Las ideologías externas son
espejismos que conviene aprender a no escuchar en pro de una simple realidad
inexorable: individualmente no nos sirven de nada en absoluto. Los engranajes
de la sociedad, aunque puedan parecer muy novedosos, son arcaicos y repletos de
defectos. Pero el astuto empeño por forjar ilusiones que si bien se miran
carecen de la menor lógica, nos van embadurnando segundo a segundo hasta lograr
un desquiciamiento personal análogo al que socialmente se padece. Así llegamos
a preguntarnos, quizá con escasa frecuencia, quién es quién y para qué. Cuando
no somos capaces de responder a estas preguntas, hemos de asumir una derrota
individualizada.
Vivir
en sociedad no implica arroparnos con ella y adentrarla a nuestros corazones.

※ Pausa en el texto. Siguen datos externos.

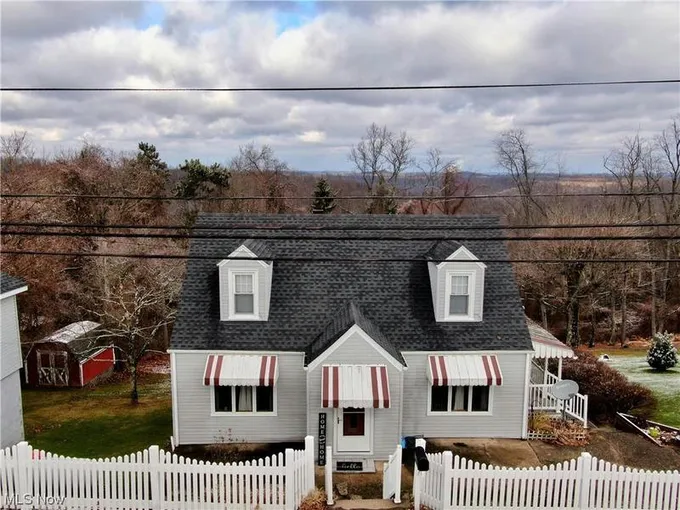56821 FERRYVIEW RD, Martins Ferry, OH 43935 Single Family Residence For Sale  MLS# 5005096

Cada persona es dueña de su alma, de su talento e inteligencia. El don de la
individualidad no es una posición egoísta, en absoluto. Nos debemos a nosotros
mismos en cada fragmento de nuestra existencia, y no debemos olvidar –pobres
desgraciados aquellos que lo hagan– que finalmente rendimos cuenta de nuestro
hacer a lo que viene tras la muerte.
Es curioso y sobrecogedor
subrayar un hecho infalible: todos vamos a morir sin saber cuándo ni cómo.
Todos, repito. También los amorfos, los falsos profetas, los que caminan
empujados por el odio, aquellos que buscan, y no más que esto, nuestra
individualidad para beneficio propio.
No nos llamemos a engaño: nadie
va a venir para socorrer nuestra angustia vital, el desconcierto supino
fehacientemente orquestado para sacar provecho de nuestra ansiedad, haciéndonos
creer que «ellos» son los dioses del
Olimpo y pueden resolver la miseria de nuestro espíritu.
Tomemos conciencia de esto para
evitar la clausura que subrepticiamente nos van suministrando con el único propósito
de requerir la ayuda, a modo de antígeno, que tanto nos prometen y jamás
lograrán concretar.
«Ellos»
no pueden hacer nada excepto envenenar nuestra esperanza, desviándola de su
humilde sendero donde al final nos aguarda la muerte como prólogo de Dios.